> _PROBLEM REQUIREMENTS_:
Please repeat every record exactly, leaving out any pictures.

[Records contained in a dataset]
--*--

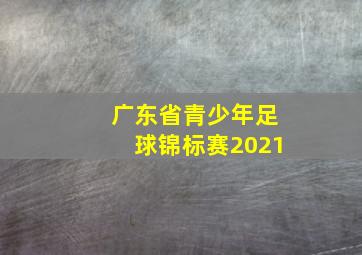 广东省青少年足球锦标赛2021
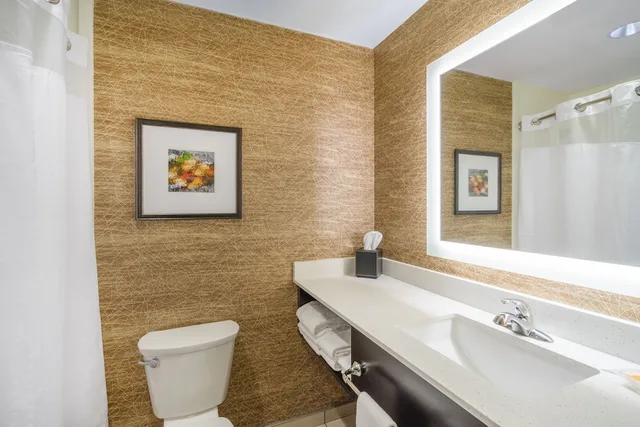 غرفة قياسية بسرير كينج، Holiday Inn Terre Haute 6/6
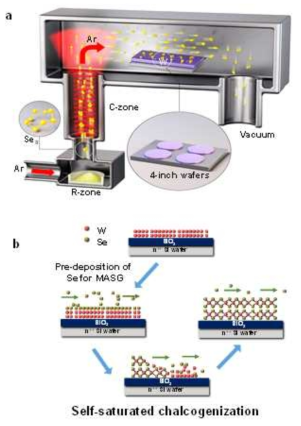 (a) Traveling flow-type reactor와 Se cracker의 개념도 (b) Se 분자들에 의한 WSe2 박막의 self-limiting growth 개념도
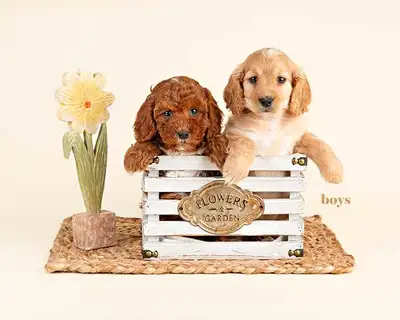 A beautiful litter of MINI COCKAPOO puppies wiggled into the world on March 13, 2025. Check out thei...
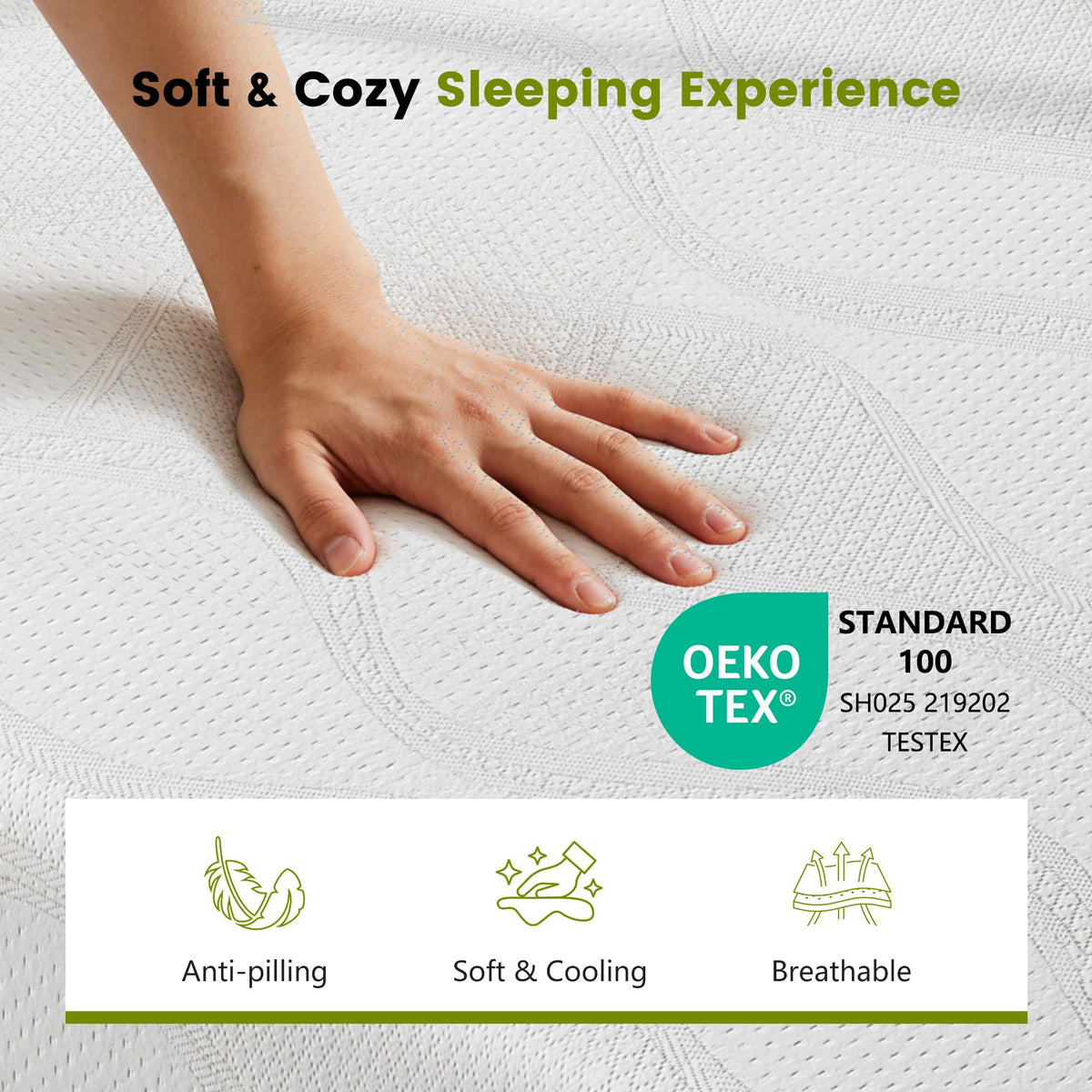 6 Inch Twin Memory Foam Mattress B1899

--*--

> _EXERCISE OUTPUT_:
 广东省青少年足球锦标赛2021
 غرفة قياسية بسرير كينج، Holiday Inn Terre Haute 6/6
 (a) Traveling flow-type reactor와 Se cracker의 개념도 (b) Se 분자들에 의한 WSe2 박막의 self-limiting growth 개념도
 A beautiful litter of MINI COCKAPOO puppies wiggled into the world on March 13, 2025. Check out thei...
 6 Inch Twin Memory Foam Mattress B1899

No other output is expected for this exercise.